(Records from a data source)
▼

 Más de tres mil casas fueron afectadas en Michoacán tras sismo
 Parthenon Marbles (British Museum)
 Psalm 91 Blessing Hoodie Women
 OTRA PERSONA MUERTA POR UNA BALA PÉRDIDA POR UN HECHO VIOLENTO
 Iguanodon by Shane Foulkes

▲
▼

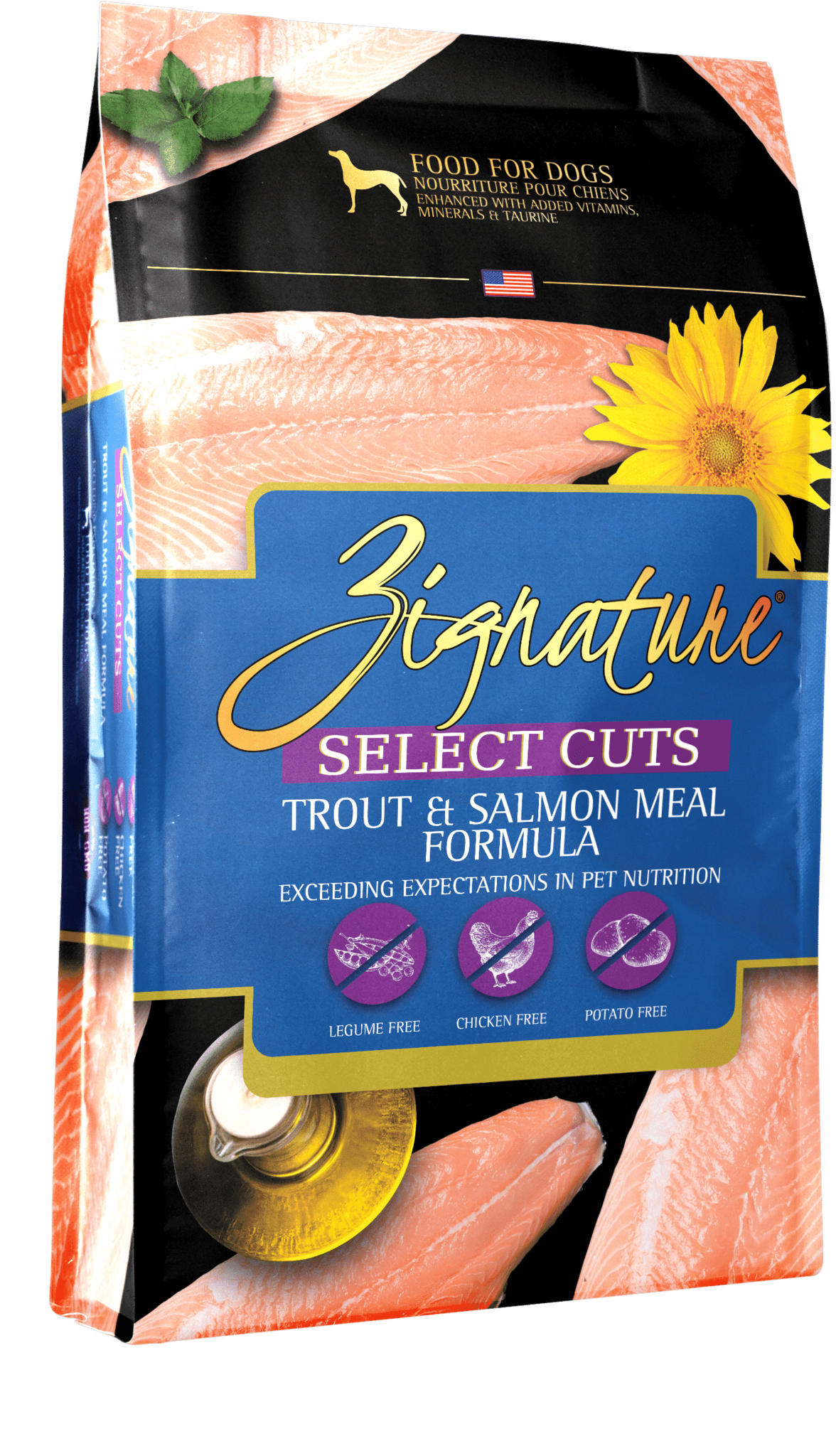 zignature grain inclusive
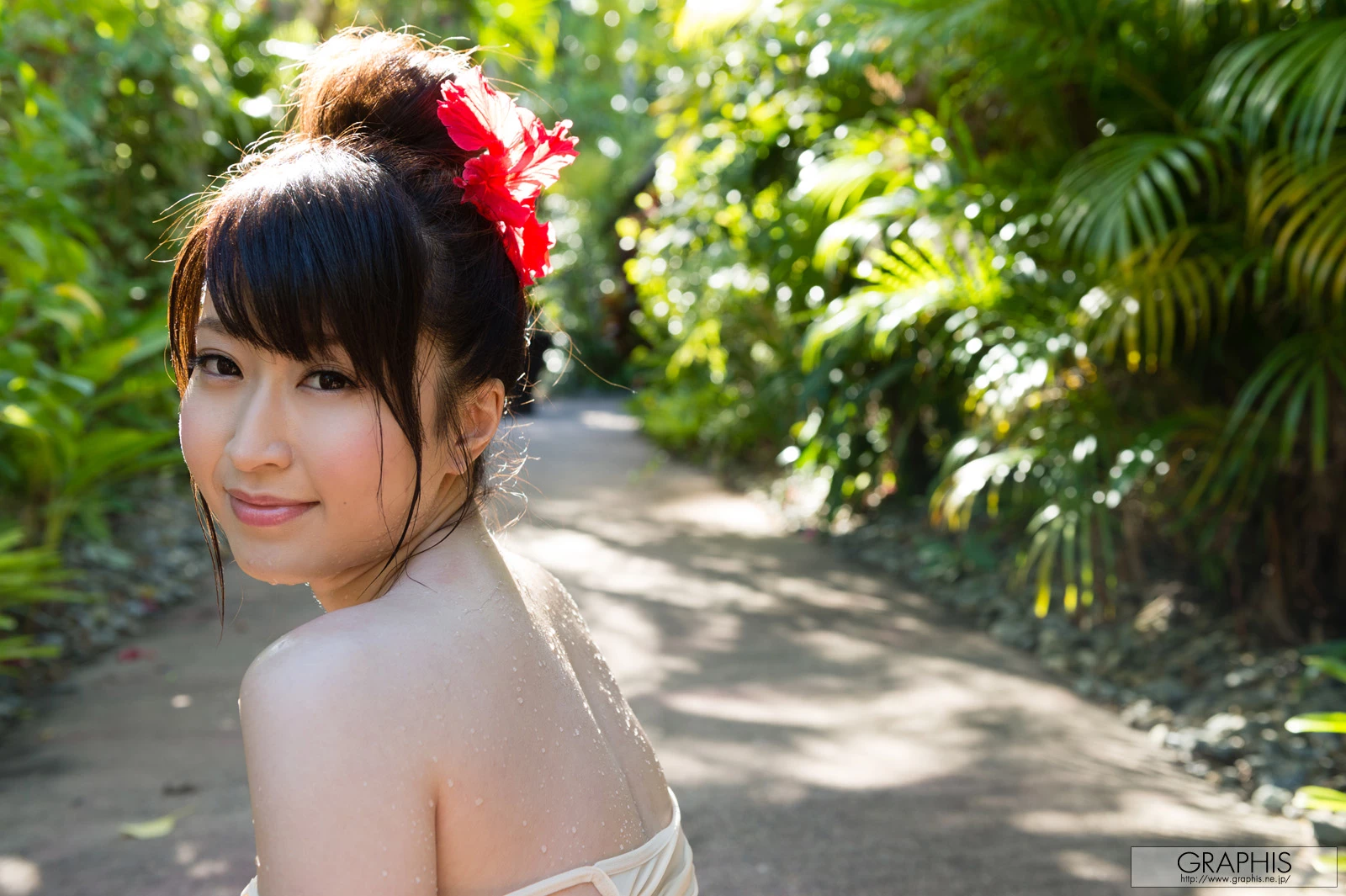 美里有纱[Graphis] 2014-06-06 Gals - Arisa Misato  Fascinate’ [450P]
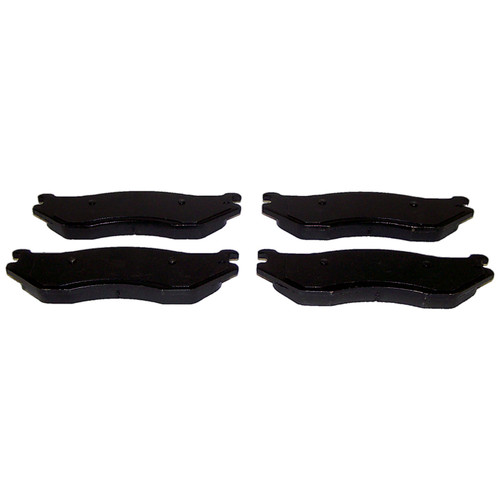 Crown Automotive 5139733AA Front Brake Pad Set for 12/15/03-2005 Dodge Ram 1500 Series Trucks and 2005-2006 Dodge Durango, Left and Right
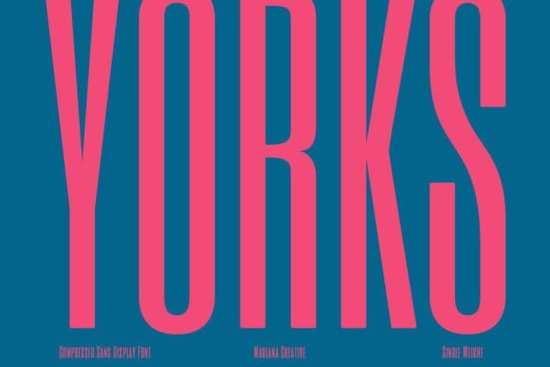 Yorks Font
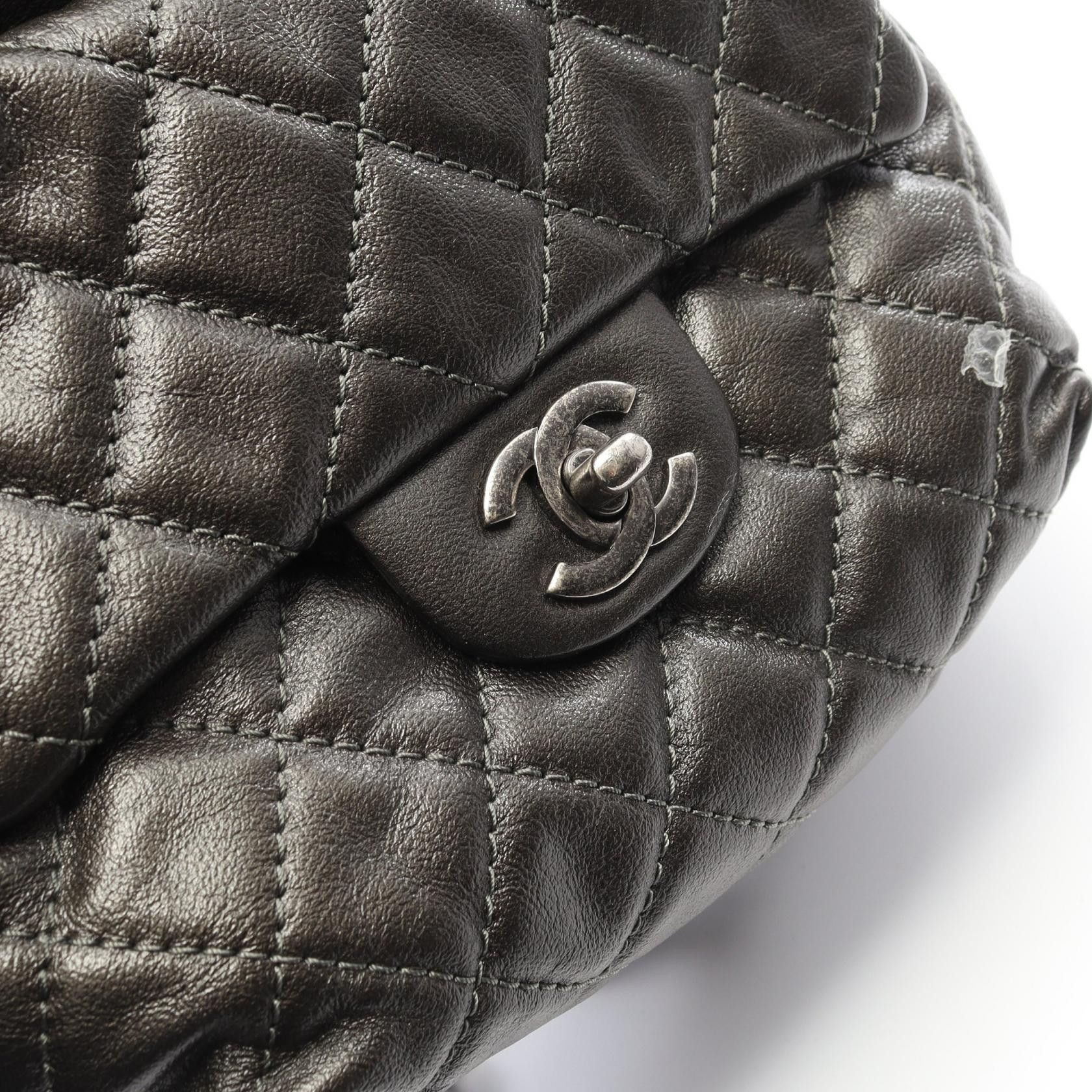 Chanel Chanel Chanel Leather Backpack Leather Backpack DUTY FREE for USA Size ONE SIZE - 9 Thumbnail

▲
▼

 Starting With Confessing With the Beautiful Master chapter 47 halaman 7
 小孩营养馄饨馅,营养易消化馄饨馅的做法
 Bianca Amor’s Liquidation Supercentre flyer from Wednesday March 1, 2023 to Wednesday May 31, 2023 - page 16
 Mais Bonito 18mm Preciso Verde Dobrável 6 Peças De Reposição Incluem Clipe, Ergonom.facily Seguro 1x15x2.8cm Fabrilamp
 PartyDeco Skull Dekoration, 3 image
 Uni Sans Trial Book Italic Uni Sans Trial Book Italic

▲

EXERCISE DETAILS:
What is needed is an exact copy of the lines above, from the one containing "Más de tres" through the one containing "Iguanodon by Shane Foulkes", with nothing added.

PROBLEM SOLUTION:
 Más de tres mil casas fueron afectadas en Michoacán tras sismo
 Parthenon Marbles (British Museum)
 Psalm 91 Blessing Hoodie Women
 OTRA PERSONA MUERTA POR UNA BALA PÉRDIDA POR UN HECHO VIOLENTO
 Iguanodon by Shane Foulkes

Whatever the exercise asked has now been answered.